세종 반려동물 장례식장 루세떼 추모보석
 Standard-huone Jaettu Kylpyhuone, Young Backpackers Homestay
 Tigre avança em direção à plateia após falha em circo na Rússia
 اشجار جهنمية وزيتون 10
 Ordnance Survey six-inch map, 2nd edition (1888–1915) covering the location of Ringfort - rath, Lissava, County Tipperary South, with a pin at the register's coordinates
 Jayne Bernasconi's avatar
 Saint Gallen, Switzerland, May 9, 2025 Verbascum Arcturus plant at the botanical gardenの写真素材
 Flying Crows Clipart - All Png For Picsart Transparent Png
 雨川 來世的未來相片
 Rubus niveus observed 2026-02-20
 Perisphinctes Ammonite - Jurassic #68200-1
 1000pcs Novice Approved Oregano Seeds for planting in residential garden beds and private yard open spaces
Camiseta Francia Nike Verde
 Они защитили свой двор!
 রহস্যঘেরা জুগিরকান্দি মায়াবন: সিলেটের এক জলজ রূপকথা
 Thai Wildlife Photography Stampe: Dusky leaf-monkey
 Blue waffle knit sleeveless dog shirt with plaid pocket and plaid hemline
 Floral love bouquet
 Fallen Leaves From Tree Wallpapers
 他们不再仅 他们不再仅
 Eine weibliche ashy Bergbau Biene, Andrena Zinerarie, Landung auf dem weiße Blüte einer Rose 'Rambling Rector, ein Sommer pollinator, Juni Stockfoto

::::

» **EXERCISE DETAILS**:
What you output must be the lines from the opening of the material above up to and including the line with "Они защитили свой двор!", reproduced exactly.

» **TASK OUTPUT**:
세종 반려동물 장례식장 루세떼 추모보석
 Standard-huone Jaettu Kylpyhuone, Young Backpackers Homestay
 Tigre avança em direção à plateia após falha em circo na Rússia
 اشجار جهنمية وزيتون 10
 Ordnance Survey six-inch map, 2nd edition (1888–1915) covering the location of Ringfort - rath, Lissava, County Tipperary South, with a pin at the register's coordinates
 Jayne Bernasconi's avatar
 Saint Gallen, Switzerland, May 9, 2025 Verbascum Arcturus plant at the botanical gardenの写真素材
 Flying Crows Clipart - All Png For Picsart Transparent Png
 雨川 來世的未來相片
 Rubus niveus observed 2026-02-20
 Perisphinctes Ammonite - Jurassic #68200-1
 1000pcs Novice Approved Oregano Seeds for planting in residential garden beds and private yard open spaces
Camiseta Francia Nike Verde
 Они защитили свой двор!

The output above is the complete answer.